England, England

England, England

Summary

Shortlisted for the Man Booker Prize for Fiction

As every schoolboy knows, you can fit the whole of England on the Isle of Wight. Grotesque, visionary tycoon Sir Jack Pitman takes the saying literally and does exactly that. He constructs on the island 'The Project', a vast heritage centre containing everything 'English', from Big Ben to Stonehenge, from Manchester United to the white cliffs of Dover. The project is monstrous, risky, and vastly successful. In fact, it gradually begins to rival 'Old' England and even threatens to supersede it...

One of Barnes's finest and funniest novels, England, England calls into question the idea of replicas, truth vs fiction, reality vs art, nationhood, myth-making, and self-exploration.

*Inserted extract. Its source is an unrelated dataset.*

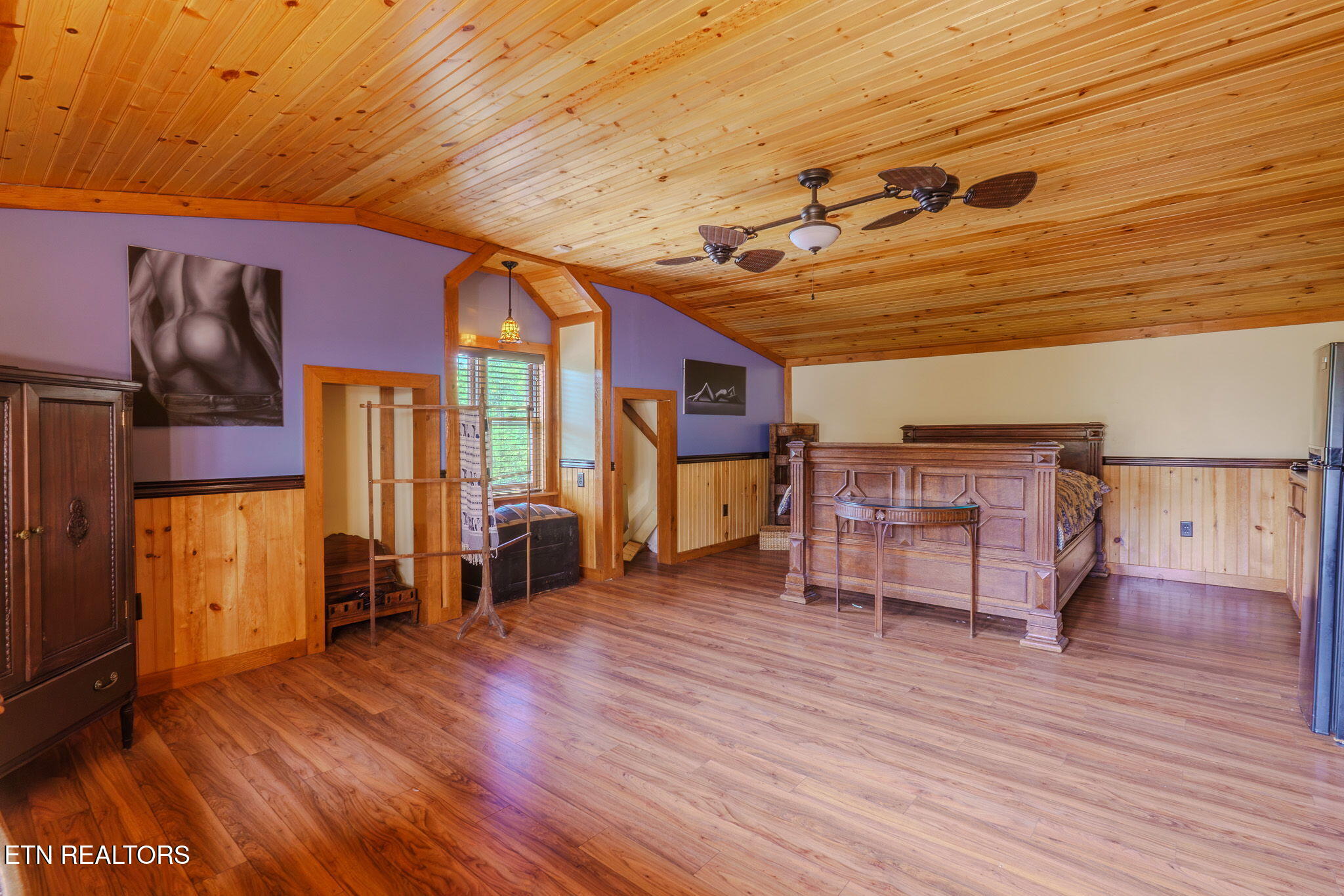 4160 Green Corner Road Hartford TN 37753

'A brilliant, Swiftian fantasy' The Economist

Reviews

  • The sharpest-tasting novel about the modern littleness of England.
    John Sutherland, The Times

About the author

Julian Barnes

Julian Barnes is the author of thirteen novels, including The Sense of an Ending, which won the 2011 Man Booker Prize for Fiction, and Sunday Times bestsellers The Noise of Time and The Only Story. He has also written three books of short stories, four collections of essays and three books of non-fiction, including the Sunday Times number one bestseller Levels of Life and Nothing To Be Frightened Of, which won the 2021 Yasnaya Polyana Prize in Russia. In 2017 he was awarded the Légion d'honneur.